→ **Problem**
Once the images are removed, set down everything else in the listing below exactly.

──────── Raw data

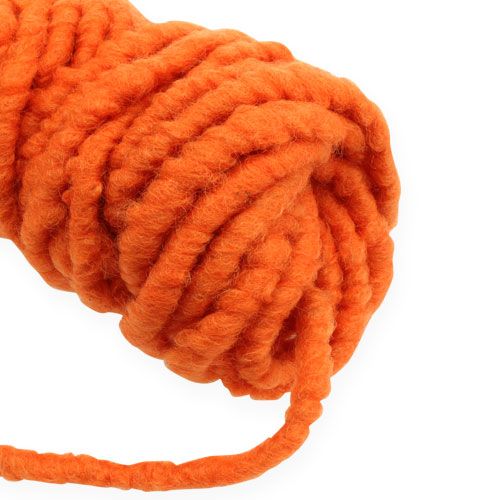 Article Cordon feutre polaire Mirabell 25m orange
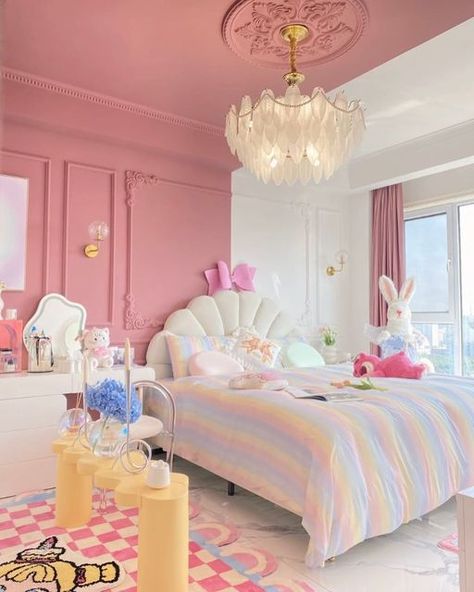 LYFAIRS on Instagram: "🎀 PINK ROOM 🎀" Bedroom Decor For Women, Girls Room Design, Cute Bedding, Pinterest Design, Bedroom Bliss, Pastel House, Romantic Decor, Pink Bedroom, Pink Room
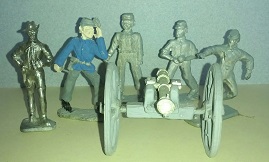 54mm Civil war cannon and crew Kit. Cannon, Limber and crew can be purchased separately.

────────────────

→ **Task output**
 Article Cordon feutre polaire Mirabell 25m orange
 LYFAIRS on Instagram: "🎀 PINK ROOM 🎀" Bedroom Decor For Women, Girls Room Design, Cute Bedding, Pinterest Design, Bedroom Bliss, Pastel House, Romantic Decor, Pink Bedroom, Pink Room
 54mm Civil war cannon and crew Kit. Cannon, Limber and crew can be purchased separately.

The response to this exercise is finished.